**RECORDS FOR THE TASK**
BEGIN

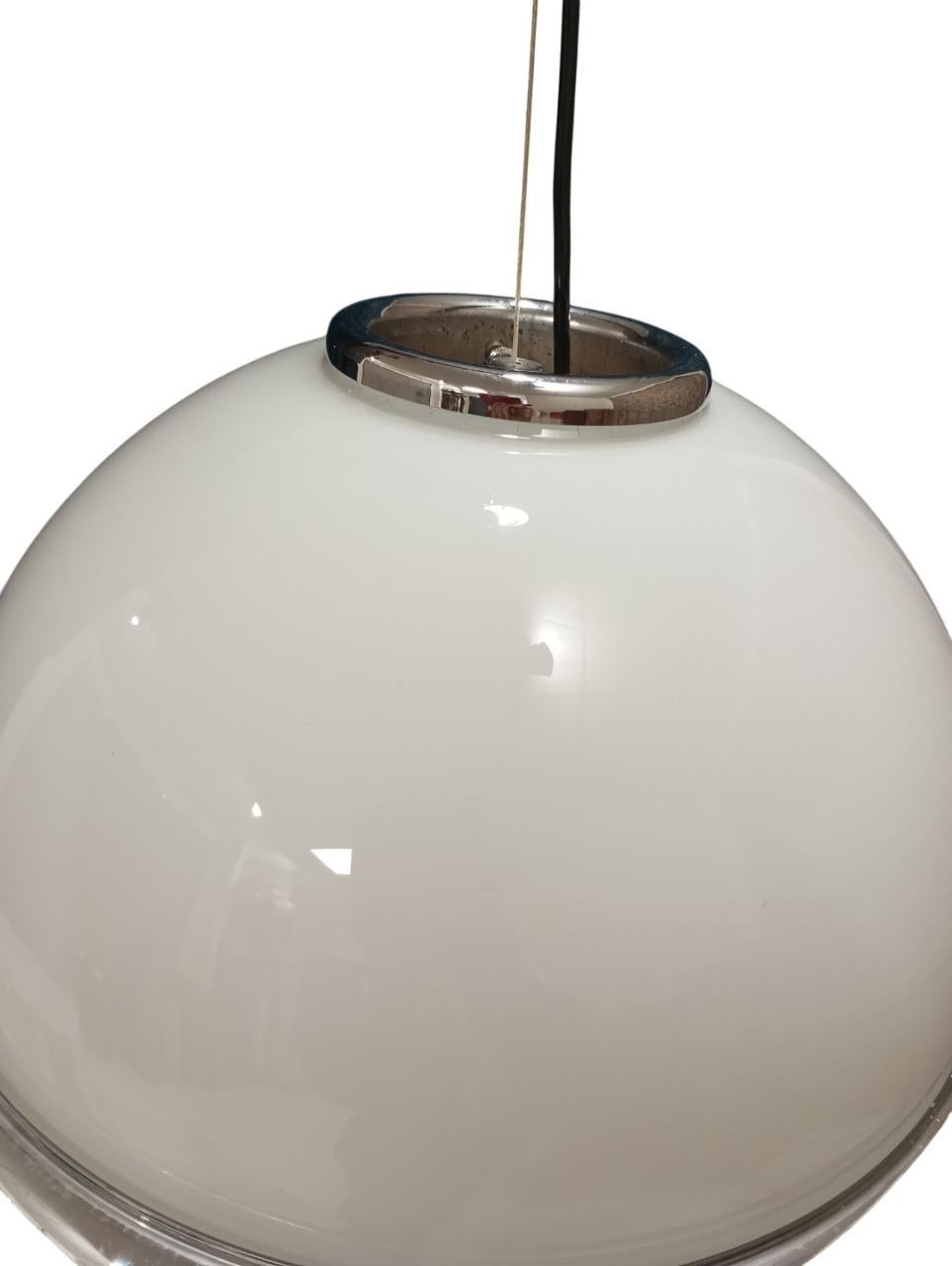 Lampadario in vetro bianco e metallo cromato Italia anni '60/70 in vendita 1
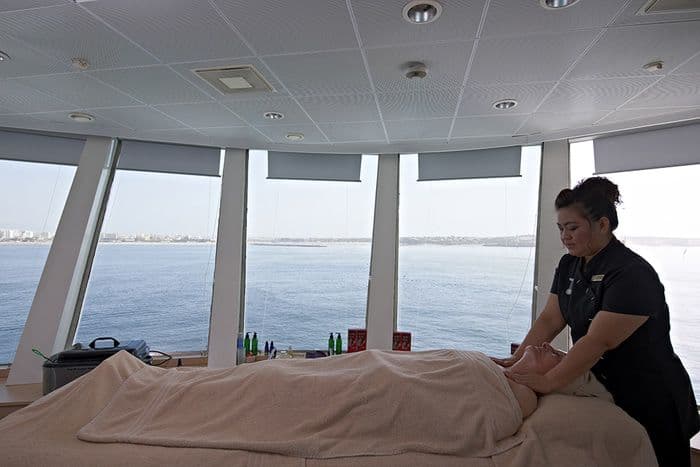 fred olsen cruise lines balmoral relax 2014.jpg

END
BEGIN

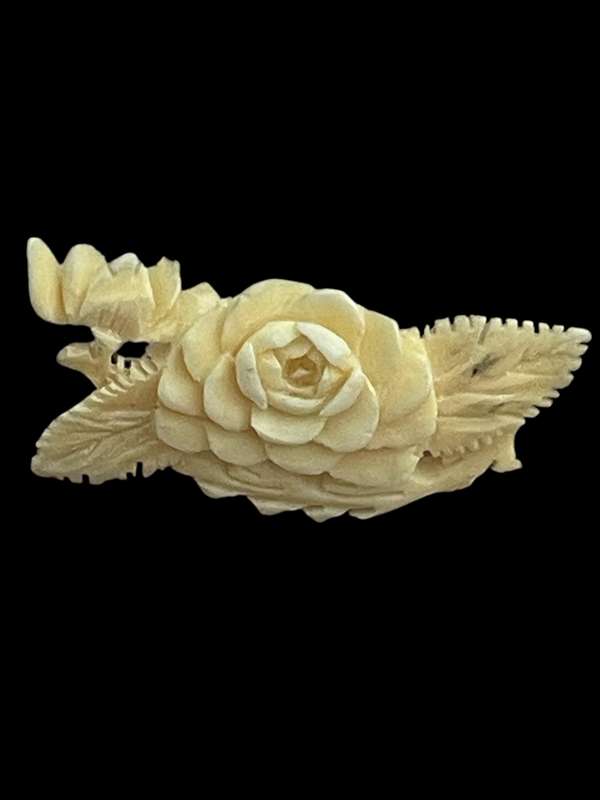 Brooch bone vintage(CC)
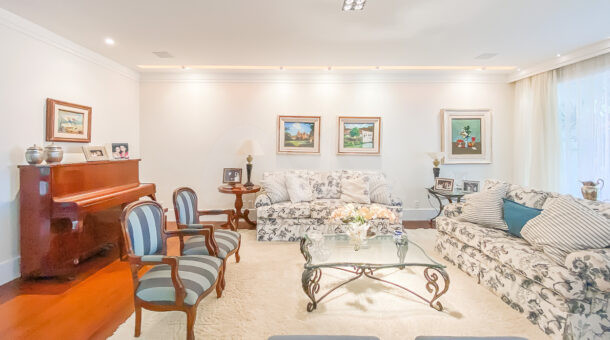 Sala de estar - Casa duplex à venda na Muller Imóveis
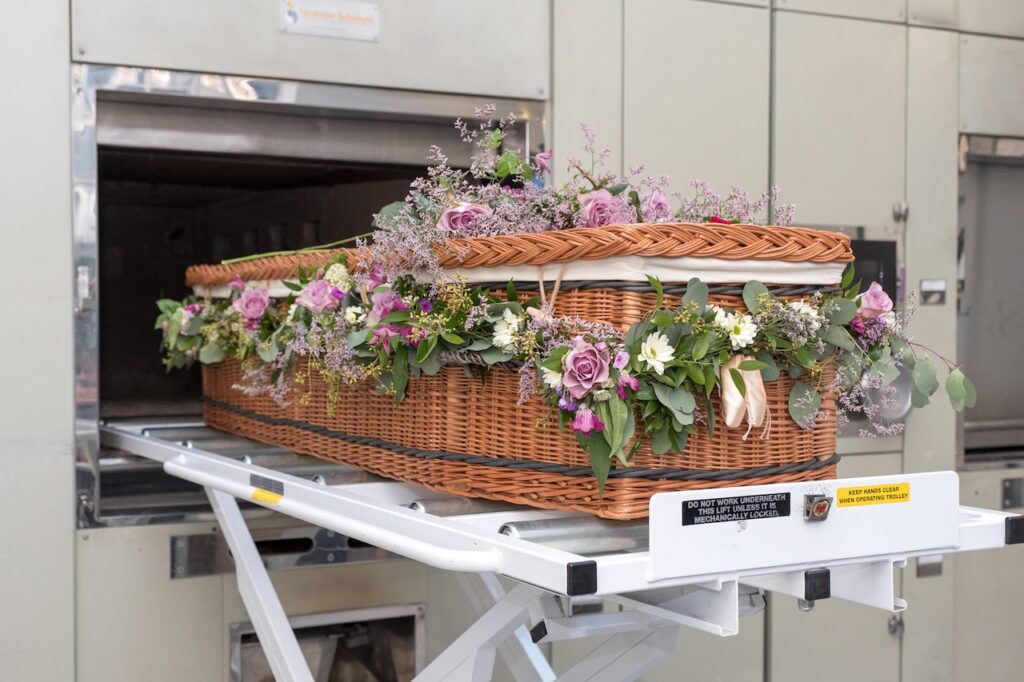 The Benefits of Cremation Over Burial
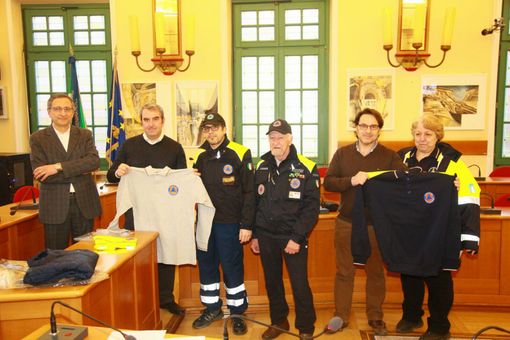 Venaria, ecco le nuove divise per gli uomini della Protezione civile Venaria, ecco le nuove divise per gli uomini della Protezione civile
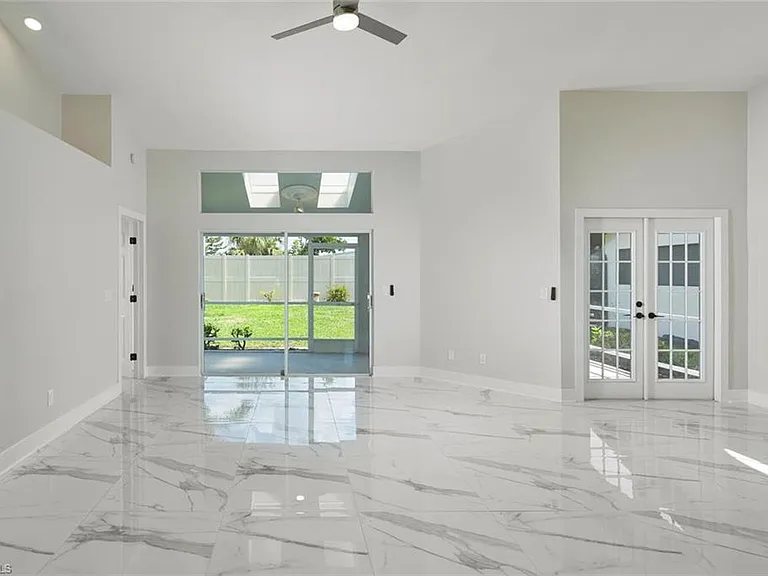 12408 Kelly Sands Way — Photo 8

END

**EXERCISE BRIEF**
Nothing but the lines above from the one that has "The Benefits of Cremation Over Burial" down to the one that has "12408 Kelly Sands Way — Photo 8" belongs in the answer, copied exactly, without pictures.

**SOLUTION FOR THIS PROBLEM**
 The Benefits of Cremation Over Burial
 Venaria, ecco le nuove divise per gli uomini della Protezione civile Venaria, ecco le nuove divise per gli uomini della Protezione civile
 12408 Kelly Sands Way — Photo 8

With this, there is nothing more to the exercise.